After purchasing Unocal in 2005, Chevron took “a hard look” at its newly acquired Cook Inlet assets, he said, concluding there was a lot of oil and gas yet to be discovered.
“We are we going to be investing aggressively out there to see that happen.”
Chevron’s total onshore and offshore Cook Inlet basin production is about 25,000 barrels per day of oil equivalent, which includes natural gas, he said.
“We’re planning a multi-year development program” starting later this year that includes new drilling and waterflood expansion, as well as testing some new geologic horizons in the Jurassic, below the level of the current oil fields, Davis said.

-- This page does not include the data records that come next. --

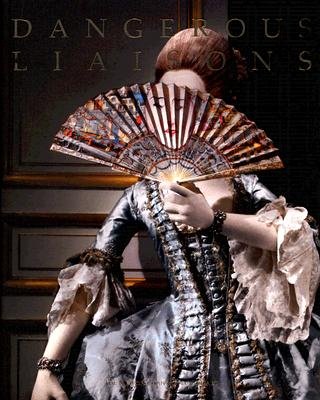 Dangerous Liaisons Metropolitan Museum Of Art 2006 Harold Koda
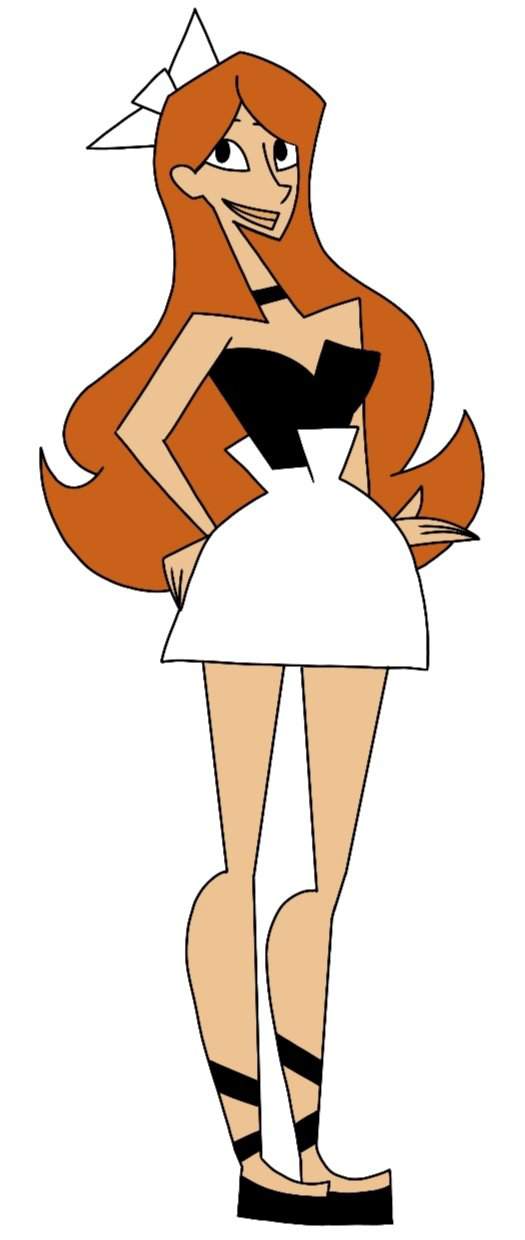 Layla Smith | Wiki | Total Drama Official Amino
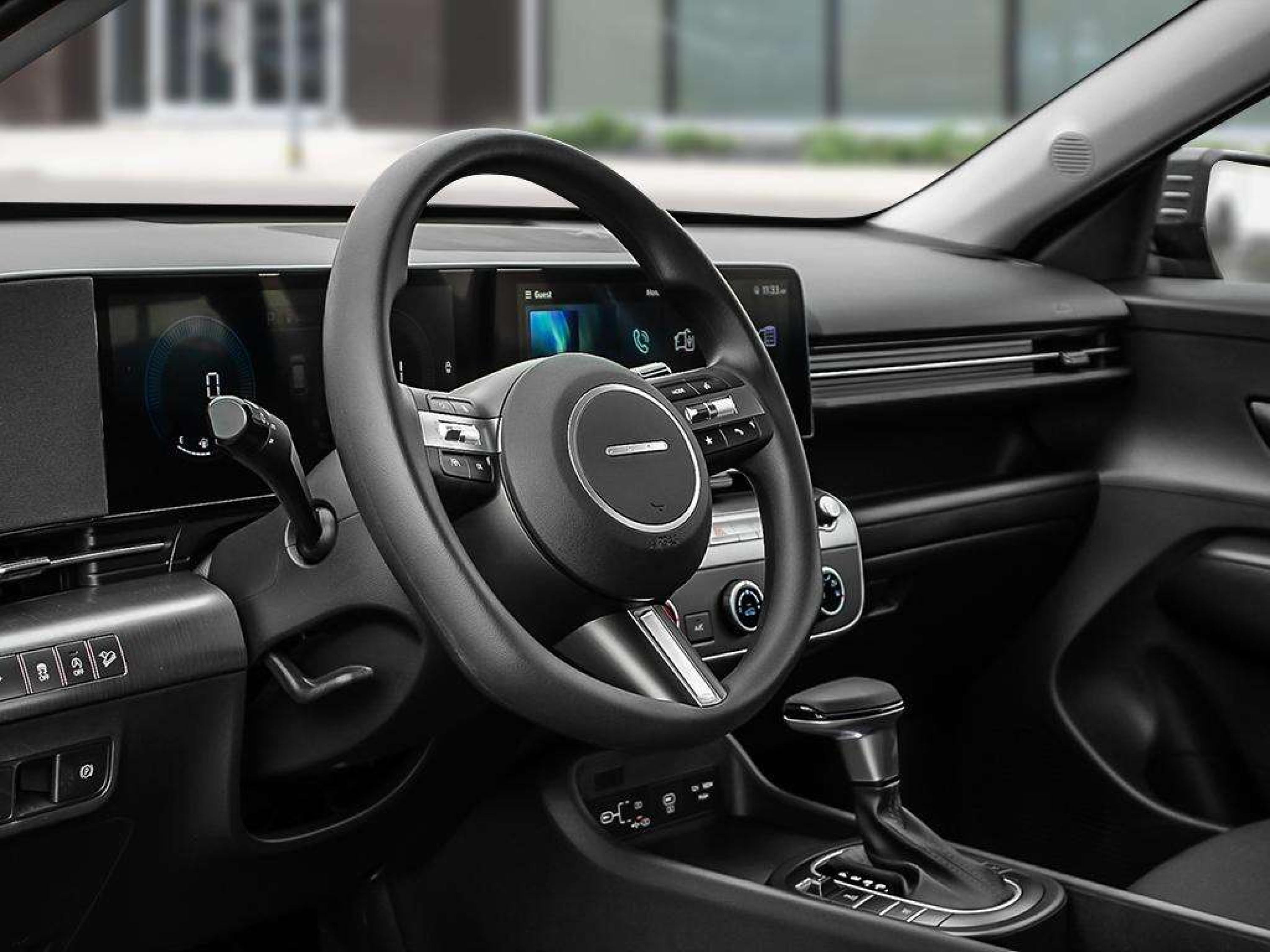 new 2027 Hyundai Kona car, priced at $34,403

Chevron takes the supply of natural gas to Southcentral Alaska very seriously and is “very optimistic” about its ability to supply the local market in years to come,” he said, noting that Chevron’s inlet gas plans include more drilling at Granite Point and more exploration in south Kenai.
“There is quite a bit of development to be done at Beluga River. … There are multiple programs in place to be carried out … to make sure we continue to supply gas.”
Bullish on the North Slope “We’re very bullish about the future of the North Slope,” Davis said.
He described Chevron’s North Slope holdings as “a mile wide and a mile deep,” with interests in Prudhoe Bay, Kuparuk, the Brooks Range Foothills, and an extensive exploration fairway in the White Hills area, which is south of the Kuparuk field and southwest of Prudhoe Bay.
“It’s about 40 miles long and 20 miles wide,” Davis said. “We’re pretty excited about it. We will be drilling four wells in the winter season of ’07-’08.”
Chevron and partner BP were the original players in the Arctic National Wildlife Refuge, with Chevron operating the only exploration well in the 1002 area. Davis said his company is waiting to see if ANWR is ever re-opened.
What about the eastern North Slope’s Point Thompson unit that abuts ANWR and is thought to contain significant reserves of oil and gas?
“We did have 25 percent of that,” he quipped, adding that the Alaska Department of Natural Resource termination of the unit was a blow to his company. Chevron has filed litigation challenging the decision.
“In our opinion the field is really a gas field and needs to be developed as such,” he said, in reference to controversy about how the field should be developed. He said if it weren’t such a challenging field to develop it would have come on line a long time ago.
Applauds transparent gas line negotiations Davis said construction of a North Slope pipeline is critical to bringing Point Thompson into play and that Chevron supports the North Slope producers’ proposal for a pipeline to the U.S. Midwest through Canada.
“All of us have to be aligned, not just the big three (producers). … We do applaud the governor’s initiative to be transparent (in gas line negotiations). … We think that’s a good step.”
Fiscal certainty is very important, he said. “We have to know what we’re going to be dealing with when going in.”
Worldwide there is considerable fiscal uncertainty but Davis said Alaska is an especially tough environment, with high operating costs, long permitting times and labor shortages for a huge pipeline project.
And although Chevron sees good and bad aspects to Alaska’s new oil and gas production tax, he said the company applauds the investment incentives that the tax provides.